Starting an experiment

The product needs at least one completed scan before you can start an experiment. Pick a prompt from the product's prompt library, optionally link a content draft from Content Studio, add a note describing the one action you are taking, and click "Freeze baseline."

The platform records the current recommendation count, mention count, and total answer count for that prompt from the most recent live scan. Those numbers become the fixed baseline.

Awaiting re-scan

After the baseline is frozen, the experiment shows an "awaiting re-scan" state in the latest column. No verdict is possible until a subsequent scan runs. The experiment page notes how many days have passed since the experiment started.

Auto-scan, if active for the product, will eventually produce a later scan and the verdict will compute itself. You can also trigger a manual scan from the product page.

How the verdict is calculated

Once a later scan exists, the platform compares the latest scores for that same prompt against the baseline. The verdict uses the change in recommendation and mention rates:

If recommendation or mention rates improved, the verdict shows "up" with the direction.
If rates fell, the verdict shows "DOWN."
If rates are unchanged, the verdict shows "falsified" - the lever was applied, but the number did not move. This is a real finding, not a failure of the platform.

The verdict is always honest. An unchanged result is never suppressed or soft-labelled.

The falsified verdict

A falsified experiment means the action did not measurably change AI behaviour for that query. This is real information: the lever either does not work for this query, did not have time to propagate, or was outweighed by other factors. Try a different lever for the next experiment on that prompt.

Questions

Can I run more than one experiment on the same prompt at the same time?

The form does not prevent it, but running two experiments on the same prompt while also taking different actions makes the verdict uninterpretable. The one-lever rule should be applied here: use the same prompt for a second experiment only after the first one has produced a verdict.

What if no re-scan has run yet?

The experiment sits in "awaiting re-scan" state and shows no verdict. It will update automatically after the next scan of that product completes. The day count shown in the experiment card tells you how long it has been since you froze the baseline.

Does the experiment track all surfaces or just one?

The baseline and latest values both aggregate across all surfaces that produced answers for that prompt in the respective scans. The recommendation and mention counts shown are totals across engines, not per-engine.

Can I delete an experiment?

The UI does not show a delete action for experiments. Once a baseline is frozen it stays in the list.

What does linking a content draft do?

Linking a draft connects the experiment card to the Content Studio entry for that draft. The card shows a link to the draft so you can navigate back to it. The connection is informational; it does not change how the verdict is calculated.

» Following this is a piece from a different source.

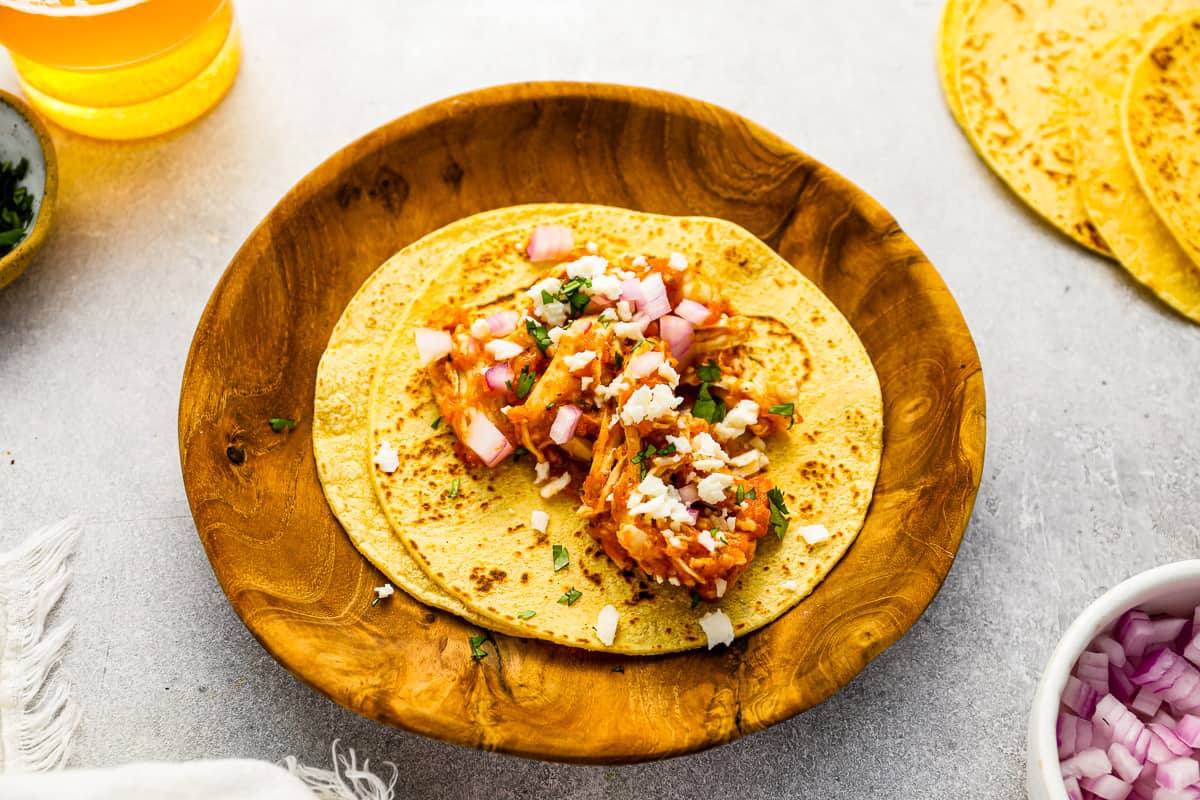 open-faced chicken tinga taco on a wooden plate.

Does a demo scan count as a re-scan for verdict purposes?

No. Demo scans are excluded from measurements. Only live scans contribute to verdict calculations. See Scans: demo mode vs live mode for detail on how modes stay separated.

What does the day count on an experiment card mean?

It shows how many days have passed since you started the experiment (froze the baseline). It is a reference point to judge whether enough time has elapsed for your action to have propagated to the AI engines being measured.